Gingrich has been wrapping himself in Ronald Reagan's mantle. But he frequently trash-talked the Gipper in the past, as a paper trail attests

Newt Gingrich
(Image credit: Fang Zhe/Xinhua Press/Corbis)

It's not unusual for GOP candidates to link themselves to Ronald Reagan's legacy, but, in this regard, Newt Gingrich has easily outdone his rivals. Newt name-dropped Reagan 55 times in the first 17 debates, versus 51 times for all his rivals combined, says New York Times numbers man Nate Silver. On the trail, the self-described "Reagan conservative" says that, as a junior congressman, he helped create the "Reagan-Gingrich model" of government, even assisting Reagan in defeating the Soviet empire.
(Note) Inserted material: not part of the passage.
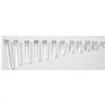 515-1302-0250F  Optoelectronics
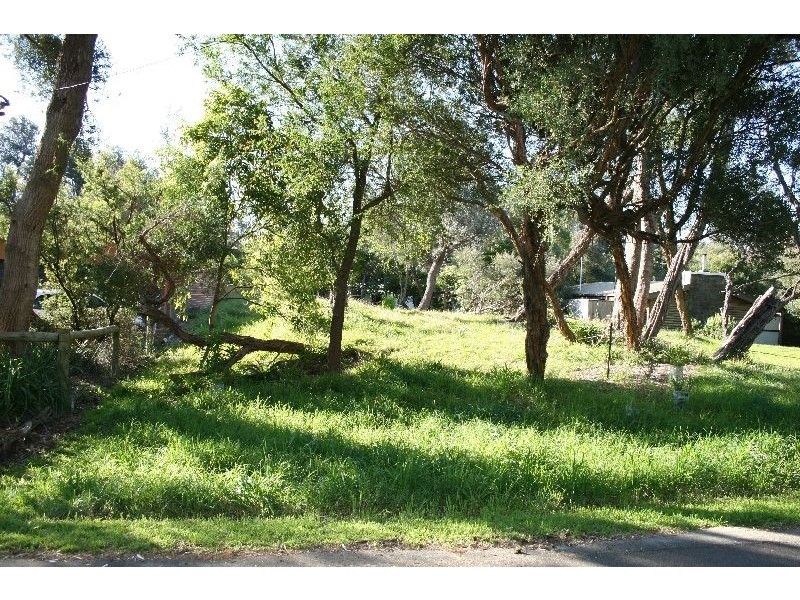 41 Bruce Road, Silverleaves VIC 3922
This week, the conservative media rebutted Newt's claims of kinship, painting him as "a dangerous, anti-Reagan, Clintonian fraud" and digging up quotes of Gingrich verbally thrashing the Gipper in the 1980s. Do Newt's past violations of the GOP's 12th Commandment — "Thou shalt not speak ill of Reagan" — undermine one of his biggest selling points?

Newt was a Reagan backbiter, not an ally: Gingrich has no business "wrapp[ing] himself in the mantle of Ronald Reagan," says Elliott Abrams in National Review. "Far from becoming a reliable voice for Reagan policy," he undermined it. If anything, "Gingrich was voluble and certain in predicting that Reagan's policies would fail," and he "often spewed insulting rhetoric at Reagan" at the exact moments the president needed support, during bitter struggles with the Democrats who controlled Congress.